Another common misconception is that homebuyers must put down 20 percent of the purchase price. "When we look at the typical down payment of individuals, what we can see is that for first-time homebuyers, it's been six to seven percent," said Lautz. She went on to say that repeat buyers typically put down 17 percent. One of the great resources available to first-time homebuyers is looking at hud.gov because it has low down payment options and programs that are available on a state and local basis…Also, an FHA loan is just 3 to 5 percent. "
Lautz concluded by talking about the use of agents. Homebuyers want that person's expertise when negotiating and closing. An agent can help sellers price their houses competitively, market them, close the deal, and move them onto their new property.
Q: Are there homes available for buyers below 50 percent AMI (Area Median Income)?
A: That's where we're seeing the real lack of housing inventory for affordable properties right now. Those homes are moving even faster, and some of that has to do with investors coming into the market.
Q: These figures that you presented, along with rising interest rates, signal that this is becoming a nation of renters due to the affordability of homeownership.

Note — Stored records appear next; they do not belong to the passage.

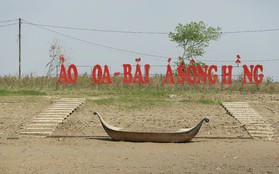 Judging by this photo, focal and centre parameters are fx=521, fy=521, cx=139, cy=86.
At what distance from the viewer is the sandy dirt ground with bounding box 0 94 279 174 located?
44.4 feet

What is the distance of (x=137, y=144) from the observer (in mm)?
17281

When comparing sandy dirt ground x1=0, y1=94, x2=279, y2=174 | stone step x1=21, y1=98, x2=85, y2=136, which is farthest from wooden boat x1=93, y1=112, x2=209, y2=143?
stone step x1=21, y1=98, x2=85, y2=136

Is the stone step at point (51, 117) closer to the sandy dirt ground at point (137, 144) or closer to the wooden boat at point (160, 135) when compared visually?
the sandy dirt ground at point (137, 144)

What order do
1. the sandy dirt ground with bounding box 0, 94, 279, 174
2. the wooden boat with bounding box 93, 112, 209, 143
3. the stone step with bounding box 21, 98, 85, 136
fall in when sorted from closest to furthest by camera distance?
the sandy dirt ground with bounding box 0, 94, 279, 174 < the wooden boat with bounding box 93, 112, 209, 143 < the stone step with bounding box 21, 98, 85, 136

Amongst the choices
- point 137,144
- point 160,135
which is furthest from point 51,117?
point 160,135

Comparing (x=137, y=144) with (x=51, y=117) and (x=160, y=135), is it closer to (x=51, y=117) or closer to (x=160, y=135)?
(x=160, y=135)

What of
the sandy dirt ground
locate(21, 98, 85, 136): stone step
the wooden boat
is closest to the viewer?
the sandy dirt ground

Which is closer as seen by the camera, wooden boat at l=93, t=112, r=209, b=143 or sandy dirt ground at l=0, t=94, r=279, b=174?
sandy dirt ground at l=0, t=94, r=279, b=174

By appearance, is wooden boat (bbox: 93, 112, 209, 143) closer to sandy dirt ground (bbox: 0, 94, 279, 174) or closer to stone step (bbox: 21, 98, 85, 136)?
sandy dirt ground (bbox: 0, 94, 279, 174)

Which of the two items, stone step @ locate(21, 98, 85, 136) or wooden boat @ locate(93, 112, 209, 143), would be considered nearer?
wooden boat @ locate(93, 112, 209, 143)

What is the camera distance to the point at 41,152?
1584 centimetres

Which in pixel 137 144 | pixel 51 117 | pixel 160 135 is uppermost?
pixel 51 117

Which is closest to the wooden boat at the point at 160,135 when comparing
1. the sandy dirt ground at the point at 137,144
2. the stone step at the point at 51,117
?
the sandy dirt ground at the point at 137,144

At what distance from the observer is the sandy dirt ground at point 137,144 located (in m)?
13.5
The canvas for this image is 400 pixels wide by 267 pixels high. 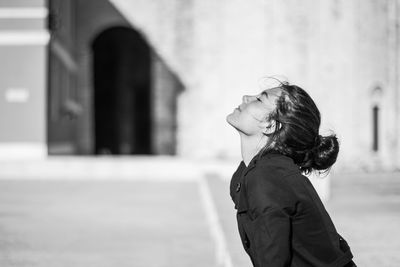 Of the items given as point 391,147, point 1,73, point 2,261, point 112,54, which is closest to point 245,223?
point 2,261

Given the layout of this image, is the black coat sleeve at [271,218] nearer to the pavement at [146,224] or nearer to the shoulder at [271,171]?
the shoulder at [271,171]

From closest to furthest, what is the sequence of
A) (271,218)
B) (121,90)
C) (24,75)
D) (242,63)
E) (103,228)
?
(271,218) < (103,228) < (24,75) < (242,63) < (121,90)

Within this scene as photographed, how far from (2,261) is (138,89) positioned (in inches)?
645

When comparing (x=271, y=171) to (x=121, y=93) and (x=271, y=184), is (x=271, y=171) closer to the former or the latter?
(x=271, y=184)

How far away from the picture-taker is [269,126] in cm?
135

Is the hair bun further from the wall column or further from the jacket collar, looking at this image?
the wall column

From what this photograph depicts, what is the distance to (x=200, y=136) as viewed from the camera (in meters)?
15.2

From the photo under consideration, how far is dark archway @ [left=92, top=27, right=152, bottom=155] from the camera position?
19.3 metres

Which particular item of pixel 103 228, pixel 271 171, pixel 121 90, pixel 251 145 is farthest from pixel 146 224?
pixel 121 90

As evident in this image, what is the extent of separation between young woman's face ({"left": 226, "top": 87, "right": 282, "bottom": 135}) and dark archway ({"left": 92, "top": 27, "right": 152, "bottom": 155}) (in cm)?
1783

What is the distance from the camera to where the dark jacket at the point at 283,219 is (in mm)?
1184

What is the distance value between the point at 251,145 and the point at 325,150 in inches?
7.2

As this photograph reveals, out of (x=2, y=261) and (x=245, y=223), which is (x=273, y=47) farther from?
(x=245, y=223)

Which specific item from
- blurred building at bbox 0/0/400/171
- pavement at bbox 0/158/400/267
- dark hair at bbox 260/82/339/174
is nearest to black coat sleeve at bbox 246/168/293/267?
dark hair at bbox 260/82/339/174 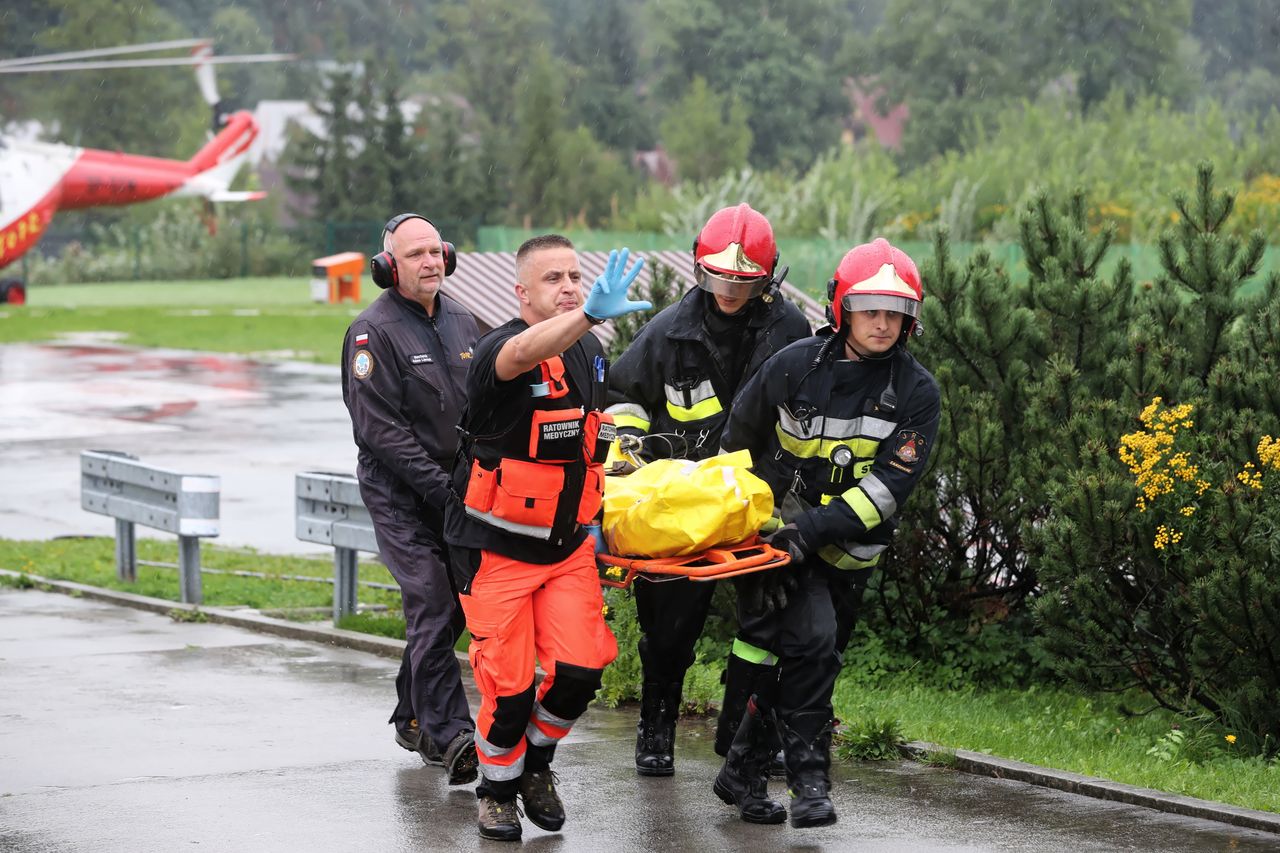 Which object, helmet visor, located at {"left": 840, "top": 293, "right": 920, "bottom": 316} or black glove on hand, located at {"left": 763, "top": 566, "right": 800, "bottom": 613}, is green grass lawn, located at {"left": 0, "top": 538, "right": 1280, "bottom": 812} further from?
helmet visor, located at {"left": 840, "top": 293, "right": 920, "bottom": 316}

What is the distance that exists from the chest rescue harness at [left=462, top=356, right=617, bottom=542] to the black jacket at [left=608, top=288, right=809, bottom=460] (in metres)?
0.88

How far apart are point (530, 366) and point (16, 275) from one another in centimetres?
5302

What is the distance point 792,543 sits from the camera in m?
6.07

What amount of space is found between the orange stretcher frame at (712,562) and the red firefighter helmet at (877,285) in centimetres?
83

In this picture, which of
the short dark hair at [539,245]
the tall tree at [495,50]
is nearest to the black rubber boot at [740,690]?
the short dark hair at [539,245]

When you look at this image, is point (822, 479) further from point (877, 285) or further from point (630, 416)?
point (630, 416)

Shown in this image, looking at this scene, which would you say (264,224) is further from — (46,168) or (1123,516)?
(1123,516)

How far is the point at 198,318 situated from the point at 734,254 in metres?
33.5

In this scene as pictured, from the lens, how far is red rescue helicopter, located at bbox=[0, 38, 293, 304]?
1613 inches

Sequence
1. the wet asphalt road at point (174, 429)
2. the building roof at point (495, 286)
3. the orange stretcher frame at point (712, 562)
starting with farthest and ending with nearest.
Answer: the wet asphalt road at point (174, 429) < the building roof at point (495, 286) < the orange stretcher frame at point (712, 562)

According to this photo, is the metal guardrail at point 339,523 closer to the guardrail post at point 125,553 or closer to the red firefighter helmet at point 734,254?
the guardrail post at point 125,553

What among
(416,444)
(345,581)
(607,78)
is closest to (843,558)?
(416,444)

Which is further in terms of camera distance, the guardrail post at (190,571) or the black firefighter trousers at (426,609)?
the guardrail post at (190,571)

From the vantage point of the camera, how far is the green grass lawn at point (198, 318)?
33.1 m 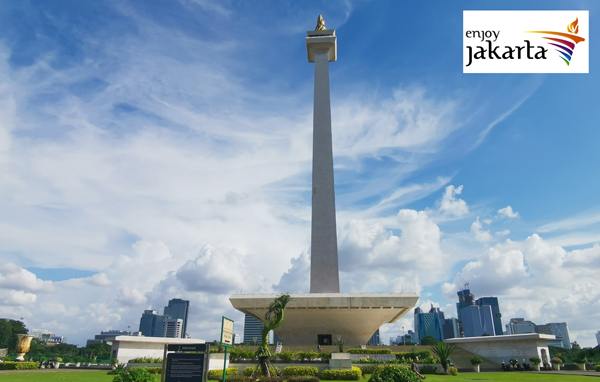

A: It really is a very difficult time to become a homeowner if you're not already. But with rising rates, what we have seen is a rush to lock in rates. I have to say, too, that even though we have rising prices and even though we're facing rising rates, the wealth gains that homeowners have is outnumbered by anything that could be done on paper.
Q: Why are homeowners not selling their homes as much as they have been in the past years?
A: People are staying in their homes longer. We have seen the tenure in recent years rise to as high as ten years in a home before selling… Traditionally, people have moved because something in their lives changed — they had a baby, they got married, or they got divorced. So, all of those demographic changes are happening on a lower scale. The other big change is that in the last year compared to 10 years ago, we've seen a drop in people who are moving because of work change because you can work remotely.
Q: If the baby boomers are the biggest generation demographically and they are passing away, why aren't their homes helping the inventory of properties for sale?
A: Not all the baby boomers are dying off. I will say, we are seeing that people are living longer and they're working longer … We're seeing that perhaps it is a widow whose kids are all grown up, left and married, or just moved to different areas of the country. What we're seeing is that she's staying put in that single-family home.